There is a split of authority on this issue: some courts have held that existing Supreme Court precedent involving search incident to arrest is applicable, i.e., that a phone is no different than any other hand-held container and may be searched incident to arrest without a warrant, probable cause, or even reasonable suspicion. Other courts have refused to apply that precedent, treating cell phones as sui generis because of the tremendous amount of personal information contained in a typical smart phone.
In Wurie, the First Circuit held that mobile phones are different from the containers other courts have allowed to be searched incident to arrest.
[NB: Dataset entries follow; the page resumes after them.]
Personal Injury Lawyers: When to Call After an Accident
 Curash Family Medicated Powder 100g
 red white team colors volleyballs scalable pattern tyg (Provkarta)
It held unconstitutional a police search of the defendant’s numbers in the call log on his mobile phone incident to his arrest. United States v. Wurie, 728 F.3d 1 (1st Cir. 2013). In Riley, the California state court upheld a warrantless search of the defendant’s mobile phone address book, photographs and videos incident to his arrest for a firearms offense that then linked him to a drive-by shooting. People v. Riley, No. SCD226240, 2013 WL 475242 (Cal. Ct. App. 2013) (not certified for publication in official reports and not to be cited pursuant to California Rules of Court, Rule 8.1115(a) except as provided in Rule 8.1115(b)).